La deuxième initiative qui est née a été évidemment de nourrir les personnes en difficulté et notamment les sans abris. Dans ce cadre on s’est naturellement rapprochés des associations qui oeuvrent déjà en la matière, Yes we camp ou Ernest, et contrairement à l’initiative soignants, ici c’est essentiellement des dons alimentaires qui sont cuisinés puis redistribués. 

A côté de cela, on continue notre mission de communication et d’information via Ecotable. Avec le podcast “Sur le grill” d’Ecotable on a publié des contenus spécial confinement et dans le nouveaux épisodes, enregistrés à distance, on va essayer de s’interroger sur les conséquences de la crise.  

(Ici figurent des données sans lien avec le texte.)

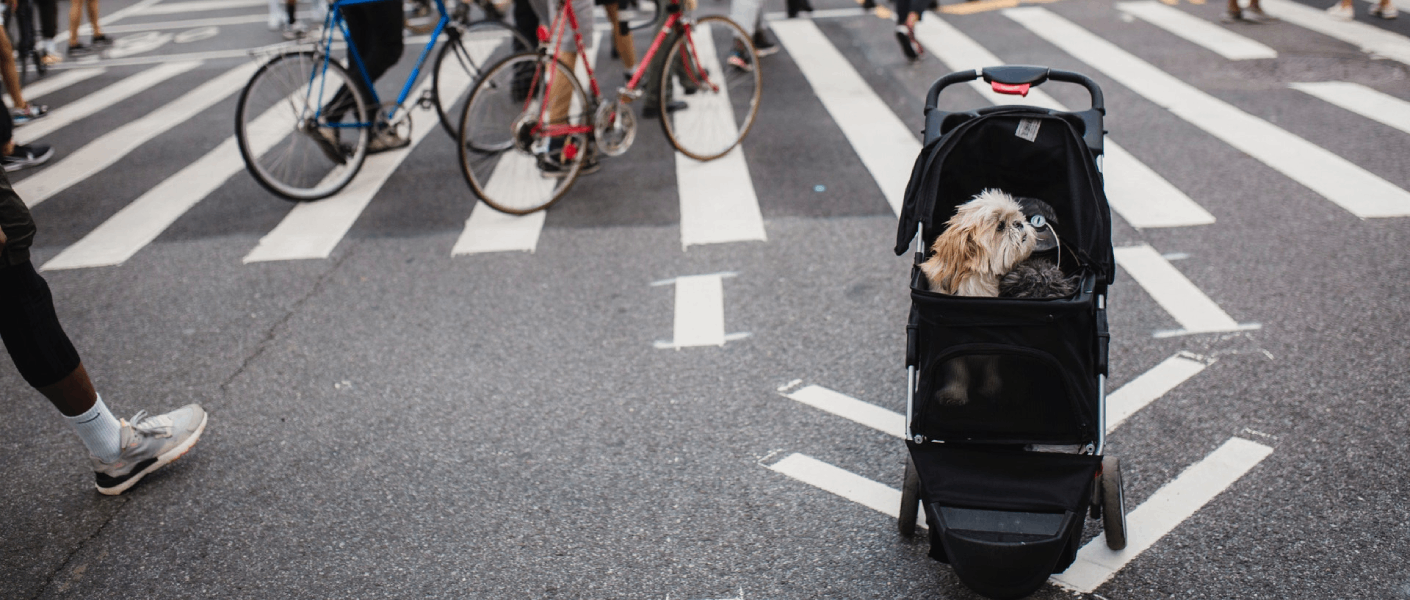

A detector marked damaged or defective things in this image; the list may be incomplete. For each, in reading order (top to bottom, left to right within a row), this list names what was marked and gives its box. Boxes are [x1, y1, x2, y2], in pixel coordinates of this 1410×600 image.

pavement crack [219, 249, 355, 394]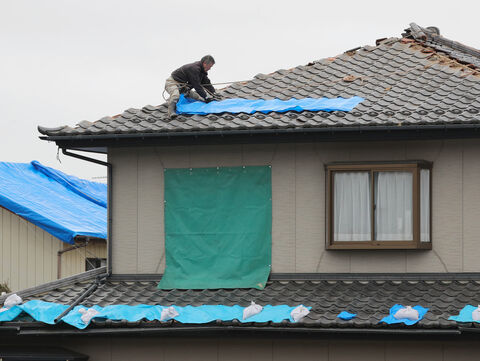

On travaille également à la mise en avant des circuits alternatifs. Je l’ai dit tout à l’heure, l’un des enseignements les plus positifs de cette crise c’est que en matière alimentaire, le circuit court est en fait ce qui fonctionne le mieux. Quand on ne peut plus aller chercher en Espagne, en Italie, voire même beaucoup plus loin, les produits, on se rend compte que, en France, juste à côté de chez soi, on a des produits formidables. On peut aller soutenir directement ces producteurs qui continuent à travailler de façon acharnée. Valoriser auprès de tous, ces circuits courts, alternatifs, c’est ce que nous essayons justement de faire.

 

Propos recueillis le 06/04/2020

Culture, économie, philosophie, spiritualité, sciences, politique …

“4 questions pour demain” interroge des personnalités d’horizons différents pour nous aider à mieux comprendre aujourd’hui et à préparer l’avenir.